The shortage of meat inspectors, examiners, graders and classifiers could raise serious hazards regarding the meat that is distributed to butcheries from abattoirs, they claim.
The inspectors, who have been joined by meat examiners, classifiers and graders in their strike action, say they will not work at any abattoir until their 15 percent wage hike demand has been met.
This will force their employer, the International Meat Quality Assurance Services (Imqas), to deploy alternative staff at various abattoirs across the country.
Imqas board member Dr Langa Simela said they had put alternative measures in place to ensure that meat inspections would continue at abattoirs, but did not specify what these were.
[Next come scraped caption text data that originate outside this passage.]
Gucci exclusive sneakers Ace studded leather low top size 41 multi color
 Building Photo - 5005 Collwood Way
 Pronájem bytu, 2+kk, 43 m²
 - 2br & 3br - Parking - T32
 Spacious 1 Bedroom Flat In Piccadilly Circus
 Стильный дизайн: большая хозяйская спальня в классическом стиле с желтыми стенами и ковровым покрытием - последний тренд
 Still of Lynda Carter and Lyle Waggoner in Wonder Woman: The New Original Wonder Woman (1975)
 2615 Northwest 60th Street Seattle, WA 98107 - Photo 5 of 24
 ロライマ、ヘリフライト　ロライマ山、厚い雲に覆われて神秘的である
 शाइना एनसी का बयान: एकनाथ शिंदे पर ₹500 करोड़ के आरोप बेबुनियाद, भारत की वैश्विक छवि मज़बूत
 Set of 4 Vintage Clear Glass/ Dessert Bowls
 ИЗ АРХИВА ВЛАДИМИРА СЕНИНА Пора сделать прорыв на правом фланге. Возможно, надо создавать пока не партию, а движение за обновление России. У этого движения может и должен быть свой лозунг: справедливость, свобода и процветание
She told staff protesting at the Imqas offices in Lynnwood that the board would study the memorandum handed in on Monday and decide on the way forward. “We thank you for coming to us and making your voice heard. We will discuss the memorandum with the rest of the board and decide on the way forward,” said Simela.
The workers, who are represented by the Congregated and Allied Workers Union of SA (Cawusa), have accused Imqas of negotiating in bad faith and unilaterally implementing increases that were not agreed to with the union.
Cawusa general secretary Thomas Nkeane, said they were shocked that increases were implemented while they were under the impression that negotiations were ongoing. “Most of the workers were surprised to see salary adjustments of between 2 percent and 6 percent in their January payslips, which was never agreed with the union.
“Imqas told us they needed more time to negotiate with individual abattoirs about our demands, but instead they went ahead and implemented the increases. “They have been negotiating in bad faith and the workers are not happy about this. We have downed tools and more workers are joining the strike. This will certainly affect the quality and safety of the meat that is distributed to butcheries and various meat suppliers,” said Nkeane.
According to Nkeane, the union represented more than 200 inspectors at about 150 abattoirs around the country, and were expecting the rest of the workers to join the strike over the next few days. About 400 inspectors are employed by Imqas.